Kennedy-Lab-UW / Duplex-Seq-Pipeline

A standalone end-to-end data analysis pipeline for Duplex Sequencing
Other
21 stars 9 forks source link

Error in makeSummaryDepth with large capture sets #99

Closed bkohrn closed 1 year ago

bkohrn commented 3 years ago

We have observed errors resembling the following with large capture sets:

/home/kohrnb/miniconda3/envs/DS_full_v2_dev/lib/python3.6/site-packages/PIL/Image.py:2850: DecompressionBombWarning: Image size (177263376 pixels) exceeds limit of 89478485 pixels, could be decompression bomb DOS attack.
  DecompressionBombWarning,
Maximum supported image dimension is 65500 pixels
Traceback (most recent call last):
  File "/home/kohrnb/miniconda3/envs/DS_full_v2_dev/lib/python3.6/site-packages/PIL/ImageFile.py", line 510, in _save
    fh = fp.fileno()
io.UnsupportedOperation: fileno
The above exception was the direct cause of the following exception:
Traceback (most recent call last):
  File "/home/kohrnb/bioinformatics/Duplex-Seq-Pipeline-v2.0.0/scripts/plotSummaryDepth.py", line 15, in <module>
    myImages[0].save(f'{o.config}.summaryDepth.pdf', save_all=True, append_images=myImages[1:])
  File "/home/kohrnb/miniconda3/envs/DS_full_v2_dev/lib/python3.6/site-packages/PIL/Image.py", line 2164, in save
    save_handler(self, fp, filename)
  File "/home/kohrnb/miniconda3/envs/DS_full_v2_dev/lib/python3.6/site-packages/PIL/PdfImagePlugin.py", line 41, in _save_all
    _save(im, fp, filename, save_all=True)
  File "/home/kohrnb/miniconda3/envs/DS_full_v2_dev/lib/python3.6/site-packages/PIL/PdfImagePlugin.py", line 172, in _save
    Image.SAVE["JPEG"](im, op, filename)
  File "/home/kohrnb/miniconda3/envs/DS_full_v2_dev/lib/python3.6/site-packages/PIL/JpegImagePlugin.py", line 761, in _save
    ImageFile._save(im, fp, [("jpeg", (0, 0) + im.size, 0, rawmode)], bufsize)
  File "/home/kohrnb/miniconda3/envs/DS_full_v2_dev/lib/python3.6/site-packages/PIL/ImageFile.py", line 529, in _save
    raise OSError(f"encoder error {s} when writing image file") from exc
OSError: encoder error -2 when writing image file

(Note: this error was produced using an environment from the development version of the pipeline, but the underlying program was from the production version of the pipeline)

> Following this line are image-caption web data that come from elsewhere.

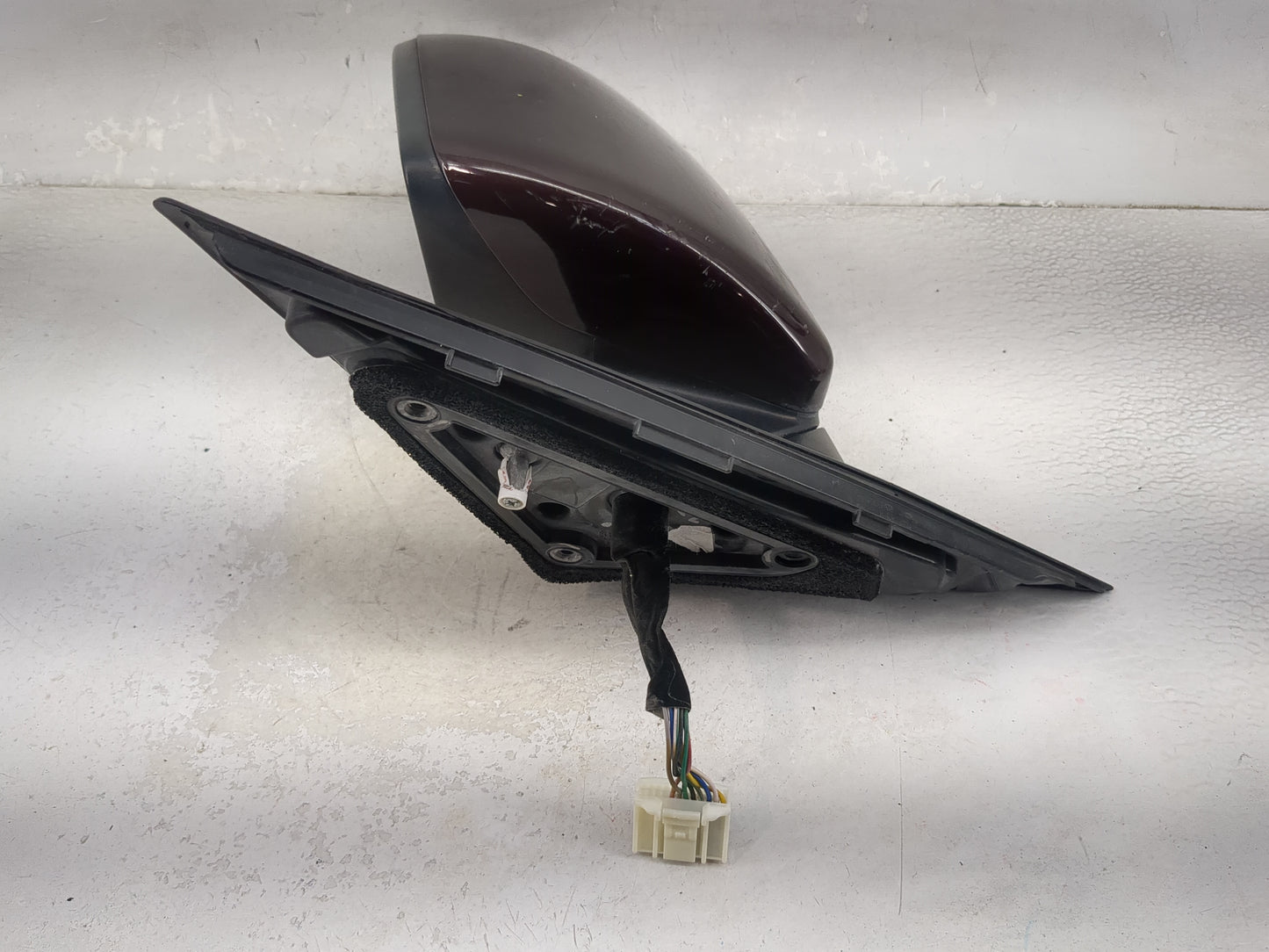 2016-2018 Kia Optima Driver Side View Mirror - Left Door Mirror OEM Used - Oemusedautoparts1.com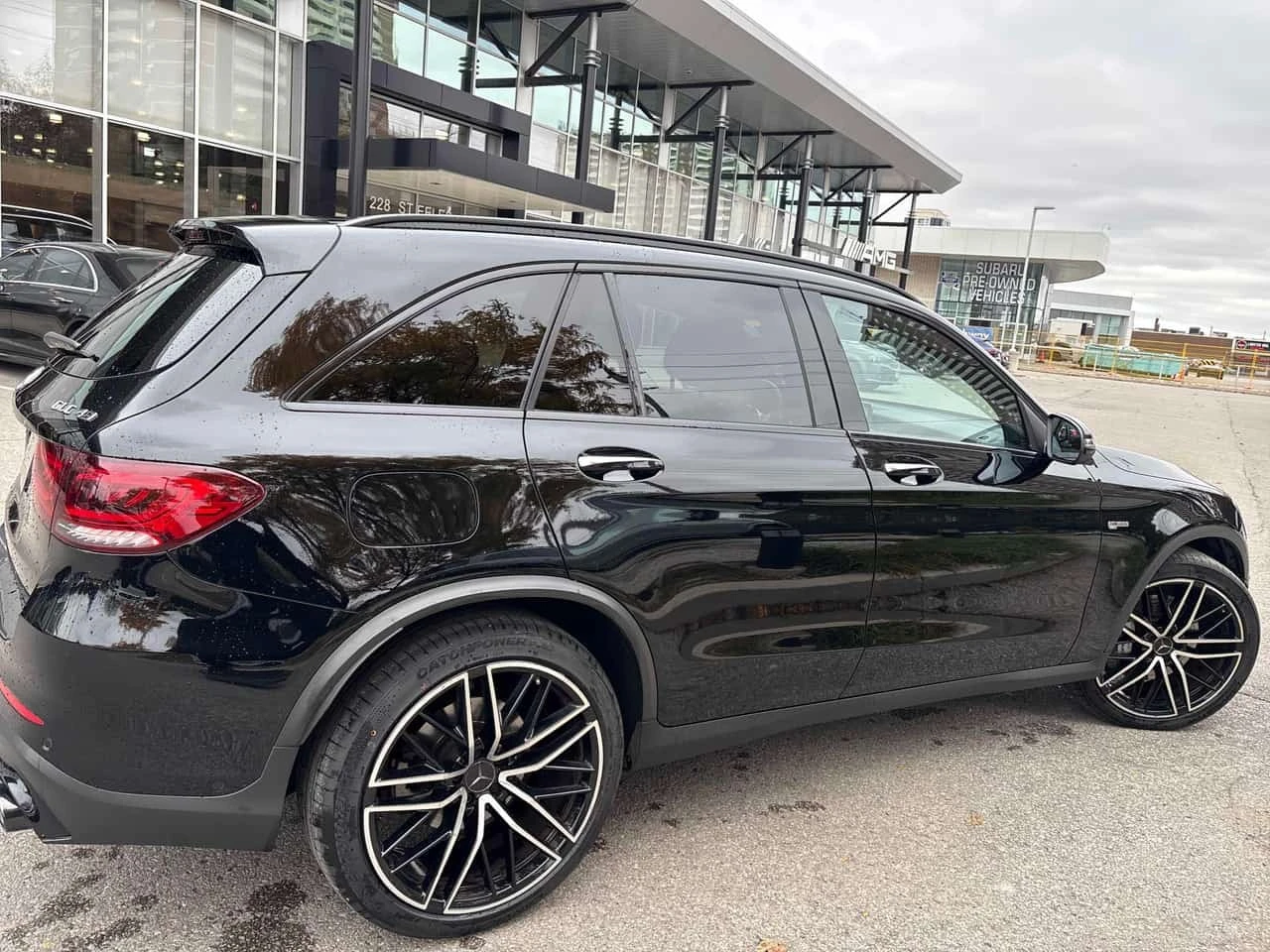 Mercedes-Benz GLC 43 AMG 4MATIC | ������ ���������������� �� MERCEDES | Mobile.bg � ����������� 4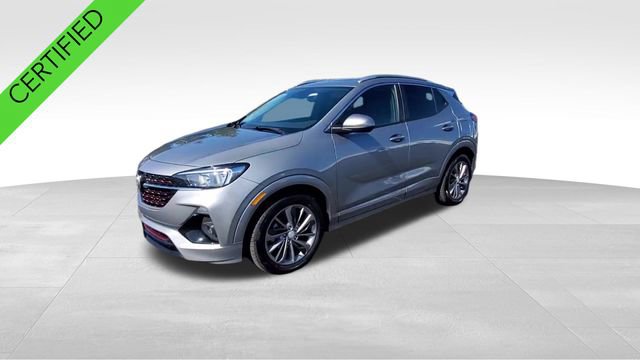 Certified 2023 Buick Encore GX Select w/ Experience Buick Package FWD image 5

We have determined that this error arises due to limitations in the method the Python Image Library (PIL) uses to write images to PDF files; namely that the PIL encodes images to PDF using JPEG codices, which have limited maximum dimensions. In this case, the capture set in question had 106 regions defined in the BED file, resulting in a height of approximately 75,119 pixels (well above the programmed limit of 65,500). In practice, this means that the maximum number of regions that can be accommodated while still being able to make a summary depth file is about 90.

This issue doesn't affect any other portion of the pipeline, just the summary depth file creation, so everything else should finish properly. We have a solution to this issue, but this solution cannot be implemented in v2.X.X pipelines because it requires the addition of a new module in the run environment. For the time being, consider the maximum number of regions defined in the bed file as 90 regions.

This issue has already been fixed in the development version that is leading towards v3.0.0.